Two’s Complement and Group Theory

Before I discovered math, I was a first year undergrad computer science student taking Electrical Engineering 101. The first topic I learned was what bits and boolean gates are, and the second was the two’s complement representation of a negative n-bit integer.

At the time two’s complement seemed to me like a bizarre quirk of computer programming, with minutiae you just had to memorize. If the leading bit is 1, it’s negative, and otherwise it’s positive. To negate a number, flip the bits and add one. Except of course the number 1000 0000, which in 8-bit two’s complement is -128, because its “negative” according to this operation is also 1000 0000 = -128.

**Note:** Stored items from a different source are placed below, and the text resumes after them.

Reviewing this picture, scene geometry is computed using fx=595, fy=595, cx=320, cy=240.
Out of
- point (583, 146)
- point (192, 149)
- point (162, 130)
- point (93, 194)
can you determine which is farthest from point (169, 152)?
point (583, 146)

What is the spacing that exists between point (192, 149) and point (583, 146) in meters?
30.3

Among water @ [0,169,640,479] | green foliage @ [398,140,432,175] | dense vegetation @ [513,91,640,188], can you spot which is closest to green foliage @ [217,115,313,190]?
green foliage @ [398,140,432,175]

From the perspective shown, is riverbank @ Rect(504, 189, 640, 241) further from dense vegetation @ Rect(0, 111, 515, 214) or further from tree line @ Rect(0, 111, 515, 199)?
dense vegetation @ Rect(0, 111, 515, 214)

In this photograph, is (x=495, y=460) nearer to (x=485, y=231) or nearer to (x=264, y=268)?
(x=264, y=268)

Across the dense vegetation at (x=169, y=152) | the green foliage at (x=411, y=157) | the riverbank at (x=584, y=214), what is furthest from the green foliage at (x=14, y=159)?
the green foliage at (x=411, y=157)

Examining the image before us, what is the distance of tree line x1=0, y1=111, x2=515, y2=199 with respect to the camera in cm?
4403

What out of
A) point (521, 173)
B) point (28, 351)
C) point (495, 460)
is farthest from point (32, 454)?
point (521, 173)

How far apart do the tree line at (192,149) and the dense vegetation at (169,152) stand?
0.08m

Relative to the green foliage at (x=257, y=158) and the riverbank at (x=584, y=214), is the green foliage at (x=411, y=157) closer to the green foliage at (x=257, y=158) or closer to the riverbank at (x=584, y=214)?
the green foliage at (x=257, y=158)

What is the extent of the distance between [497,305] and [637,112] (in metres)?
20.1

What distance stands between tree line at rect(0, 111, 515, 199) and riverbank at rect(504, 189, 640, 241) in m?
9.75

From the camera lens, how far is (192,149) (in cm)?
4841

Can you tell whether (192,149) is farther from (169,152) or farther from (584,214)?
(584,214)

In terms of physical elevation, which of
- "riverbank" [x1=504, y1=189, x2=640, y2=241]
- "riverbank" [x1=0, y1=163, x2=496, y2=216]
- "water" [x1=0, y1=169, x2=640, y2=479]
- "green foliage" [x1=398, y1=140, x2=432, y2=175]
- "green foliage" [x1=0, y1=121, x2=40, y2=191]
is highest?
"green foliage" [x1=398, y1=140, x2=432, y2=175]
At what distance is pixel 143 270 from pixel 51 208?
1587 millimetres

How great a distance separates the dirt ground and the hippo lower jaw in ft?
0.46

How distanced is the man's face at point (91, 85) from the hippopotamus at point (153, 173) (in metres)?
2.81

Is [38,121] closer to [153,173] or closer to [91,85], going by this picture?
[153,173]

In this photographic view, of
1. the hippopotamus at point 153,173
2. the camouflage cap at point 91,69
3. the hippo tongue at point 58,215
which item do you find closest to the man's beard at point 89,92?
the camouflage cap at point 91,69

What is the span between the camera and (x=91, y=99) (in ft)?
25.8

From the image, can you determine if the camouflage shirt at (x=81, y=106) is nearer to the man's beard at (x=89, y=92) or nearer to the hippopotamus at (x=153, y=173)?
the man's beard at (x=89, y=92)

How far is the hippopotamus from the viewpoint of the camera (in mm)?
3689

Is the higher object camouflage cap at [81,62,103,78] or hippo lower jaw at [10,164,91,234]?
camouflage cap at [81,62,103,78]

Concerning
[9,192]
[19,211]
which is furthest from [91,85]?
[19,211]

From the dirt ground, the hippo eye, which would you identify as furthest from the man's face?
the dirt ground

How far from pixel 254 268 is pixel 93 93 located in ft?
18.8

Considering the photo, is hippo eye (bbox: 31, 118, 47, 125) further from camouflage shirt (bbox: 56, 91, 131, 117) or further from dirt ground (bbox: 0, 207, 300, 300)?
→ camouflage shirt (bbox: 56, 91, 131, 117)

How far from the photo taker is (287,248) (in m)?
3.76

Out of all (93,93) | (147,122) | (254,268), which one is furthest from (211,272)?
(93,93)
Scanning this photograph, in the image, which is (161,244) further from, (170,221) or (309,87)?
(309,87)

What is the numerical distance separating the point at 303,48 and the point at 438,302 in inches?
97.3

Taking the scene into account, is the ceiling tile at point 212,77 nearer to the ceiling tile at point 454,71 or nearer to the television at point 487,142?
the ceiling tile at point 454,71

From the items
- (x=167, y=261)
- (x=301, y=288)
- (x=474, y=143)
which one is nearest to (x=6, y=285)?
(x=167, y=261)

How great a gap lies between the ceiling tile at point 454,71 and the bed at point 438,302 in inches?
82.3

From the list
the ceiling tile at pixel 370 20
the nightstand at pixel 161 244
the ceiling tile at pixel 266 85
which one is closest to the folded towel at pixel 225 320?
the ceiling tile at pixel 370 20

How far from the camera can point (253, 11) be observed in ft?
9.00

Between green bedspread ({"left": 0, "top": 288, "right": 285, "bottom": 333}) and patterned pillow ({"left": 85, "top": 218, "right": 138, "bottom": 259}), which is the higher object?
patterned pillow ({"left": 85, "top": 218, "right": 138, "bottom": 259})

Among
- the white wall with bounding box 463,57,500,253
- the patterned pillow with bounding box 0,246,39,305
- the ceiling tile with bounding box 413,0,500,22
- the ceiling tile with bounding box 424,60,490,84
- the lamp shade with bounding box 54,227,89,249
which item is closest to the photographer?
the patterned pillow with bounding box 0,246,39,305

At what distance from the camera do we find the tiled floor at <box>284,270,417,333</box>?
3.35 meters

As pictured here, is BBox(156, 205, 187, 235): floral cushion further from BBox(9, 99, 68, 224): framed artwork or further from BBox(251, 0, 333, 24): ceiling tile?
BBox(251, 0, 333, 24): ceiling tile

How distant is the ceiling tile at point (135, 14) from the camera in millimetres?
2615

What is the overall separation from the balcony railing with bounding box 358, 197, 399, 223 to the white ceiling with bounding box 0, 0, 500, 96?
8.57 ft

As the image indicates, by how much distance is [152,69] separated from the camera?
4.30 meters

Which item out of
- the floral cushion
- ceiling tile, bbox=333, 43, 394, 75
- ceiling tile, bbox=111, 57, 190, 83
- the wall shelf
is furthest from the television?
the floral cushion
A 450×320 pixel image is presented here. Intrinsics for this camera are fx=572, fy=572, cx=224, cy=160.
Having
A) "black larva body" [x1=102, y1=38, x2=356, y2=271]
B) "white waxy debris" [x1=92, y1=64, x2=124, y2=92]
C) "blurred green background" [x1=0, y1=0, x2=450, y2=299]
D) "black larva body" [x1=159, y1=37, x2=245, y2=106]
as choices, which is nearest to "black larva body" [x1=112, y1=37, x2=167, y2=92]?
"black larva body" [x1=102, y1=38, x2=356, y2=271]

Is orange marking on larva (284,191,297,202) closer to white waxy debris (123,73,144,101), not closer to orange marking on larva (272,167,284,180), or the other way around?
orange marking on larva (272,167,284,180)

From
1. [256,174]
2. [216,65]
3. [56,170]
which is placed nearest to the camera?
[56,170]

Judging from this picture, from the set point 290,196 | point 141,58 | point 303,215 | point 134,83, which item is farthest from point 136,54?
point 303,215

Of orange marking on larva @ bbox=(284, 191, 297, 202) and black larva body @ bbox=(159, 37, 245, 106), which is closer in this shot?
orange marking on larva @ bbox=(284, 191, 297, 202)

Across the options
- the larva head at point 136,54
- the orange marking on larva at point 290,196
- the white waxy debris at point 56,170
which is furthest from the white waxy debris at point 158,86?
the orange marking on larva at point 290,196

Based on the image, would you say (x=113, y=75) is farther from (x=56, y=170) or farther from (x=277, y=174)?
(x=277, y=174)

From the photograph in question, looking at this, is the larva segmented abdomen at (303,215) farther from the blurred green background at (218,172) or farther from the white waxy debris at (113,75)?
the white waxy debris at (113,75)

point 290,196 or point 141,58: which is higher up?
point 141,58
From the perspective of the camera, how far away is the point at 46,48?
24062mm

The quirky negation operation is usually explained by appealing to the “borrowing” operation from elementary school subtraction. Or an appeal to a sense of shared helplessness. That’s just the way things are in two’s complement. But it doesn’t quite explain why one can use the same boolean circuit to compute addition and multiplication of unsigned and two’s complement signed integers.

Math can provide a different, clearer explanation for the quirkiness. It’s not arbitrary, but forced. The explanation uses group theory, which I wrote a primer about a long time ago. The main ideas from group theory used here are cyclic groups, quotient groups, group isomorphisms, and group actions.

The first insight is that the signed integers are the exact same as the unsigned integers as a quotient group, just with a different equivalence class representative chosen for the arithmetic.

The set of $n$-bit unsigned integers $\mathbb{Z}/2^n\mathbb{Z} = \{ 0, 1, \dots, 2^n-1 \}$ forms a group under addition modulo $2^n$. The set of $n$-bit signed integers $\{ -2^{n-1}, \dots, -1, 0, 1, \dots, 2^{n-1} – 1 \}$ also forms a group, but it’s harder to see why. The operation is still “addition modulo $2^n$”, but you have to recall the definition of a quotient group to see why.

The elements of the quotient group $\mathbb{Z}/2^n \mathbb{Z}$ aren’t integers, but rather equivalence classes of integers. We denote $[x] \in \mathbb{Z}/2^n \mathbb{Z}$ as the equivalence class of $x \in \mathbb{Z}$. For example, the “element” $1$ is the equivalence class $[1] = \{ \dots, -2^n+1, 1, 2^n + 1, 2\cdot 2^n + 1, \dots \}$. And the whole point of defining equivalence classes is that you can choose any representative element from an equivalence class, do the arithmetic using that element, and you get the same (equivalence class) output as you would if you had used the “usual” representative. In other words, it’s guaranteed that $[x+y] = [x] + [y] = [x’] + [y’] = [x’ + y’]$, so long as $[x] = [x’]$ and $[y] = [y’]$.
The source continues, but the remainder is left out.